Tuesday 10 June 2008

What Would Be Left?


If the Word were removed from Jesus, what would be left? If your answer is 'his flesh/body', please read on. The right answer is 'nothing would be left'. This is because it is the Word who becomes flesh. (John 1:14) The Word doesn't just take on an outer suit of flesh, or is the soul bit in Jesus. God became human.

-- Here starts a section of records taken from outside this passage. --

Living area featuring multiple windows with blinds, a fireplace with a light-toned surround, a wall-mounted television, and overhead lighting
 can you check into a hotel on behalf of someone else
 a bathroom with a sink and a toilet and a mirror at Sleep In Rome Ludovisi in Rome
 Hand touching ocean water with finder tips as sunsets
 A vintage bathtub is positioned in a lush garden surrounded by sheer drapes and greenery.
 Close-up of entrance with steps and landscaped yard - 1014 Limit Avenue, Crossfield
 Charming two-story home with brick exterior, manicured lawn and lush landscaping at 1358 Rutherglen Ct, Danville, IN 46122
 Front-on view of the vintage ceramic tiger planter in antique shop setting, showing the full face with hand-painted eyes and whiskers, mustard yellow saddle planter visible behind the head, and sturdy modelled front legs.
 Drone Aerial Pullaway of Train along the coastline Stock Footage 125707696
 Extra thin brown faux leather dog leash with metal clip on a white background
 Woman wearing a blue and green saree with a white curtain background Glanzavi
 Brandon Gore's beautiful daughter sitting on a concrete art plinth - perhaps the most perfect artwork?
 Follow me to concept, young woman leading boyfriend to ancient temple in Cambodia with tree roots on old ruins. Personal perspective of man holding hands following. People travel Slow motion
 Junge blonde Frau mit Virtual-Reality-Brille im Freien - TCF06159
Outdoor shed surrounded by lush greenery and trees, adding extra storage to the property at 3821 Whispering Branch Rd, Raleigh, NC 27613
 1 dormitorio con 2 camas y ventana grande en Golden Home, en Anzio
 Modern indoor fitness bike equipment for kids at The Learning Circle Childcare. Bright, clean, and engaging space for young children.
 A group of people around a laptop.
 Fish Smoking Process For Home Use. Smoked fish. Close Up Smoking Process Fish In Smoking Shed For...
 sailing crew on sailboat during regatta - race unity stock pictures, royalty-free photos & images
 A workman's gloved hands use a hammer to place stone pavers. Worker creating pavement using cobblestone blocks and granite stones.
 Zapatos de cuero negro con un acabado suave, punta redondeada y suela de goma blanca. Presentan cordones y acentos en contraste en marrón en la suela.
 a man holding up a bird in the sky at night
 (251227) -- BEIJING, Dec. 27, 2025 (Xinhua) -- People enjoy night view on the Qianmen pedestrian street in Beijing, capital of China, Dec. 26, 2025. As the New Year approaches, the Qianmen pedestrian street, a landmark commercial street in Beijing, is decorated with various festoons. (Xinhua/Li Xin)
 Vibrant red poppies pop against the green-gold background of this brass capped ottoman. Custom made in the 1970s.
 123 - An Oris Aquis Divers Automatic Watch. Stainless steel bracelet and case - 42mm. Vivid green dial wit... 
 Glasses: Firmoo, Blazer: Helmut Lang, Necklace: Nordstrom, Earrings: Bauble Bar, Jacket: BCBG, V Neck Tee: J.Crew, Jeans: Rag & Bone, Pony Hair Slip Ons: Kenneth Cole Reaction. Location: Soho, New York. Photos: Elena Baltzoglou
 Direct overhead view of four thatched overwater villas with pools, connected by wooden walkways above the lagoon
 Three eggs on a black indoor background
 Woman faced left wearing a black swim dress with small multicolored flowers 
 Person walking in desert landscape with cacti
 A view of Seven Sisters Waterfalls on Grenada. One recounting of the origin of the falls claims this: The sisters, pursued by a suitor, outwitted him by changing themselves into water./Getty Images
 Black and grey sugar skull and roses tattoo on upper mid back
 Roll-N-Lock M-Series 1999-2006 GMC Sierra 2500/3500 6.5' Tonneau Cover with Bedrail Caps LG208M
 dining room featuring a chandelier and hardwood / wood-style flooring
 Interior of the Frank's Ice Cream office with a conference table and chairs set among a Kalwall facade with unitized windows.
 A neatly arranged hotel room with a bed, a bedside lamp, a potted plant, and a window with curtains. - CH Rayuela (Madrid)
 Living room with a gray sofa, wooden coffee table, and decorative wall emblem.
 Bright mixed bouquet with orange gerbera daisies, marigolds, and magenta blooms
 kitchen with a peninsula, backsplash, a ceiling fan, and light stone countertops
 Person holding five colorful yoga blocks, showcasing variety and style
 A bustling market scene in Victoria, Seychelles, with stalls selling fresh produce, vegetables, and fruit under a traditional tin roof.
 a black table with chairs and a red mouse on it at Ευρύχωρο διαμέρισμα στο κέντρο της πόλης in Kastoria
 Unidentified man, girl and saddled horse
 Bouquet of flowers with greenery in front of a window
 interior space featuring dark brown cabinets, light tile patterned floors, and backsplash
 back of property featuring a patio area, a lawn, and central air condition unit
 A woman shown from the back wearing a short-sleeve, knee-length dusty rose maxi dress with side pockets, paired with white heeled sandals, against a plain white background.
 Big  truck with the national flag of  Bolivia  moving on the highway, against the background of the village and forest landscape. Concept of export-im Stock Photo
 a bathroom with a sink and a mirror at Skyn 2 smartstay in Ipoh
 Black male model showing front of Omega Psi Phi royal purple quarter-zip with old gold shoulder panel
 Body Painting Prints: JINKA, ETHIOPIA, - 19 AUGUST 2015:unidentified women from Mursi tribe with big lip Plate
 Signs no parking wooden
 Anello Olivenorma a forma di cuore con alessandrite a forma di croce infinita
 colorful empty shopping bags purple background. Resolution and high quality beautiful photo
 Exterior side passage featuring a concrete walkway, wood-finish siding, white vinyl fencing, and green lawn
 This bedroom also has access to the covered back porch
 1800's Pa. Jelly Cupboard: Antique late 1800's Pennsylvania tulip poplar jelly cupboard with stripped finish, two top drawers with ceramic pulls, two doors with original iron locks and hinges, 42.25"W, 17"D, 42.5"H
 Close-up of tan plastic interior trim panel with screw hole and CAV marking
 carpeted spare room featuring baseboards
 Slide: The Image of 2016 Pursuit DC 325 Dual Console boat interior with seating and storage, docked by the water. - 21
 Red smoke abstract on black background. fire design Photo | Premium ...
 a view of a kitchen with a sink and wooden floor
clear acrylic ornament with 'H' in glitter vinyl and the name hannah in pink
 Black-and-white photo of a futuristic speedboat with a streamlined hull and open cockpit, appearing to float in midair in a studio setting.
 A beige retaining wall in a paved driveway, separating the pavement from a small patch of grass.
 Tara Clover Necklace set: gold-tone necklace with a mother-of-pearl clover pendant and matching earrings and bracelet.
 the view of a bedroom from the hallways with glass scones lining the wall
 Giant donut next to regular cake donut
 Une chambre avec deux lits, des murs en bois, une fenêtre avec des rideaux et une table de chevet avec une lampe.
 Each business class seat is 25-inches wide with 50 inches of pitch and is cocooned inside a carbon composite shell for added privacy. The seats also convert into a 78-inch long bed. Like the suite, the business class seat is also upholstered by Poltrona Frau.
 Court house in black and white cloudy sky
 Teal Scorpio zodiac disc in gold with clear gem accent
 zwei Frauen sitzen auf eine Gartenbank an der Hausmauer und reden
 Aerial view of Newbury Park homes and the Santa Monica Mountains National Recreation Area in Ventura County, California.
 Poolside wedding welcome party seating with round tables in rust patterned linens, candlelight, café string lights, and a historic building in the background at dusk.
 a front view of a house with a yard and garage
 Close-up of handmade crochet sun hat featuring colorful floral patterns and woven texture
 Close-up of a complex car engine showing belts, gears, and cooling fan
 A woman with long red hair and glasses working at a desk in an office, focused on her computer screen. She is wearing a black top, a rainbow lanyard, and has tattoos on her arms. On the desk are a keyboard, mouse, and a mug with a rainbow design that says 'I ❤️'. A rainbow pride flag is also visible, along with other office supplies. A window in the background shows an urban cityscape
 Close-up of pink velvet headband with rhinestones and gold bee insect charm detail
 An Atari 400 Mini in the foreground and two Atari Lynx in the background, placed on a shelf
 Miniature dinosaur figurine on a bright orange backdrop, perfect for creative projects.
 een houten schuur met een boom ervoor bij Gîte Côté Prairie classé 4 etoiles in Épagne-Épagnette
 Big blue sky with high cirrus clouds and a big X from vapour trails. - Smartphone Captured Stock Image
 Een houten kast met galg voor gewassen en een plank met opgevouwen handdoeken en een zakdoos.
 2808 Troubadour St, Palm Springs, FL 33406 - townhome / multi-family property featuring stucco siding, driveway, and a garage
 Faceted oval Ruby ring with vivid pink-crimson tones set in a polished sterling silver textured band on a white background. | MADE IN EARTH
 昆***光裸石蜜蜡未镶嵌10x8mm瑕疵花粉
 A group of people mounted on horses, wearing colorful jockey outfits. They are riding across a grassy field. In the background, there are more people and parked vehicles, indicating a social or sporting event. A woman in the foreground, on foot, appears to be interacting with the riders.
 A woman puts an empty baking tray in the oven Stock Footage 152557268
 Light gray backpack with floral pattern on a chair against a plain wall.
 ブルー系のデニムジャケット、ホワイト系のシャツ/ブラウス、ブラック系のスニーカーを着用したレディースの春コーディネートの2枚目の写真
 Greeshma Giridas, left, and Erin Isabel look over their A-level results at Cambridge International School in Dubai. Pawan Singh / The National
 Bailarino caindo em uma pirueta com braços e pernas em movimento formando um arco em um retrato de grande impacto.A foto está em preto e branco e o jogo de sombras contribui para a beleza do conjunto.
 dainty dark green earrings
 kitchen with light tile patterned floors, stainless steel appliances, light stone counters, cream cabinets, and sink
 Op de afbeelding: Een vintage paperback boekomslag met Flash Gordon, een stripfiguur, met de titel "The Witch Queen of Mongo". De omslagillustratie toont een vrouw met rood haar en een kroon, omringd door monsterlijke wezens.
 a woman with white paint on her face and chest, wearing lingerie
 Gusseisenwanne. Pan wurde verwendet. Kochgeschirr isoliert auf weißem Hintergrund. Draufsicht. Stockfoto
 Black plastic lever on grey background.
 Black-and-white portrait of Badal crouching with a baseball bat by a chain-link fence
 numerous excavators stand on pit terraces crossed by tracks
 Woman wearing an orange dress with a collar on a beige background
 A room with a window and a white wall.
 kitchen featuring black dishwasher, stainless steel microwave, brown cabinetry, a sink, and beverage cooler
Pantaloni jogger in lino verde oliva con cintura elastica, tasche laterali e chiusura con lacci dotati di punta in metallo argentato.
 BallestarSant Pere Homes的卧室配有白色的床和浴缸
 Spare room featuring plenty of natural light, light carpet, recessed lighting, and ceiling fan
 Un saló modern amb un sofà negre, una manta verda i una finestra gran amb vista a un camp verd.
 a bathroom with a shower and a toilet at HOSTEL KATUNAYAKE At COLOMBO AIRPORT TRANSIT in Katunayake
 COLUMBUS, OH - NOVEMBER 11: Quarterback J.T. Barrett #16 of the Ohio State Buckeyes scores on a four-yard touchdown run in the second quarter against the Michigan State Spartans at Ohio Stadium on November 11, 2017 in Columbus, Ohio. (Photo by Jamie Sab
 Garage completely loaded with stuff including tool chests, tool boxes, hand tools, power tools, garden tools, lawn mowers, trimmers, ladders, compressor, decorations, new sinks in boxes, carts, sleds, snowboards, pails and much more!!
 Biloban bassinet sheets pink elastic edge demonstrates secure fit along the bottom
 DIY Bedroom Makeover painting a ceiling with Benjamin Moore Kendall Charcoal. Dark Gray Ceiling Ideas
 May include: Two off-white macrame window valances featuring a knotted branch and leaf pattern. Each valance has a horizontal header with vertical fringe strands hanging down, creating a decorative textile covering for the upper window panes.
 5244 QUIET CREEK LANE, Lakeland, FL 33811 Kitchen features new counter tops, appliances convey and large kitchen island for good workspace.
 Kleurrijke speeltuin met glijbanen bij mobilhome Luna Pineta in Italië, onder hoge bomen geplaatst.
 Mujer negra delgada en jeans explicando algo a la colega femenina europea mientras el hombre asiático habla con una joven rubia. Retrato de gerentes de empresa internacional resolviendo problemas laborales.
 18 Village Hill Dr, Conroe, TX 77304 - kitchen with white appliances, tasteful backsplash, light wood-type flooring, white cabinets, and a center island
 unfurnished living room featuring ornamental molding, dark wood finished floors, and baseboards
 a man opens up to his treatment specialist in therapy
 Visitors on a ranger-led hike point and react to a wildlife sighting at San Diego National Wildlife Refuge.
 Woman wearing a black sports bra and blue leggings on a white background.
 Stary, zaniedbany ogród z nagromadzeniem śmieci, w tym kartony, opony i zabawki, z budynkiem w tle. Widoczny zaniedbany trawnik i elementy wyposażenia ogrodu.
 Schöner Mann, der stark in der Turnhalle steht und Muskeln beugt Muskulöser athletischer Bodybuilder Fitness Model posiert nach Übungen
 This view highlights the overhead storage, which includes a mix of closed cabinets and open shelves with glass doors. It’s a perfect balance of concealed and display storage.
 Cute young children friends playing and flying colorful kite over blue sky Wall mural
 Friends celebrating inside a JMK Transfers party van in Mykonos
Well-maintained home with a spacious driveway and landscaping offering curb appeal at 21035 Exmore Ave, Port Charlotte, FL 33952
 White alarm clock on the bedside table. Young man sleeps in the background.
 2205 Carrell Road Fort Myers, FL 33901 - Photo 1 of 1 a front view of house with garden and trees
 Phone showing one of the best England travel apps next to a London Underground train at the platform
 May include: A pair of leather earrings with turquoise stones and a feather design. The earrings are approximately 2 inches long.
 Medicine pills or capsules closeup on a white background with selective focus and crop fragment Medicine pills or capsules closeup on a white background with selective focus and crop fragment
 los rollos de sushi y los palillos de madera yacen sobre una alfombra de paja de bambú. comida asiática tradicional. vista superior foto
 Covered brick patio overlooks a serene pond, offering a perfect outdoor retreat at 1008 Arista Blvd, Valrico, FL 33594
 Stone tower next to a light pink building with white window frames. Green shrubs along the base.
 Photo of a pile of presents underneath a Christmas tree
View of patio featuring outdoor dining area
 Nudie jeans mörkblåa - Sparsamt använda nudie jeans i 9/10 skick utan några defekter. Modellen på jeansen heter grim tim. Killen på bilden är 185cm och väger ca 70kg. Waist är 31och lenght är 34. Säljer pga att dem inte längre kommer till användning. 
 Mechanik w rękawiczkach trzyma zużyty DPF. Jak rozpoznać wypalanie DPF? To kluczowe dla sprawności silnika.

Say it to yourself: God became human. Is it plausible? How can God become flesh and still be God? The trendy answer is that God can't be human and God. (But that is really only the case if humanity and divinity are in competition.) And this trendy answer ends up in one of two places: a kenoticism whereby God is divested of divinity in becoming human; or making God's true identity dependent on us (E.g. Moltmann). But God can be utterly human and utterly God. This speaks to us of a "compatibility" (I think I read this from Rowan Williams, but he means this without in any way denying the complete otherness of God) between God and humanity. But it also tells us something of the true transcendence of God: God is utterly transcendent, which is to say not that God is utterly remote (that is the false interpretation given to transcendence by those wanting a straw figure to blow down), but that in God the usual rules of intimacy and identity (a tension between them) don't apply to God. God can so unite Godself with flesh and still remain fully God, and in this union bring this flesh into existence. And this without in any way compromising the integrity of the flesh. Or, to put it crassly, God can 'make' that which is not God precisely by uniting Godself with it. (Only God is so surpassingly free to be able to do this, and this is what true transcendence is about, and the significance of God being somehow else.) This flesh is then God's own flesh. And so, to return to the original question, if the Word were removed from Jesus, nothing would be left.

This is all about unity in distinction, which God is very good at. Think of the Trinity: Father, Son and Spirit, each with their own identity precisely in their complete unity, and in complete unity precisely because of their distinct identity. This is the point of the eternal Fatherhood of God: 'Father' is a distinct identity, but implies a relationship to be 'Father' in the first place

Or should I just say that God is love, and we know this because of Jesus Christ? Love is about union and distinction at once, and both to their fullest degree. This is the point of the doctrine of the Incarnation, and tells us our ultimate end in God (Christian hope does not dissolve our identity into some more basic lava of 'being' called God, but hopes in a union of personal love), the God who is Love.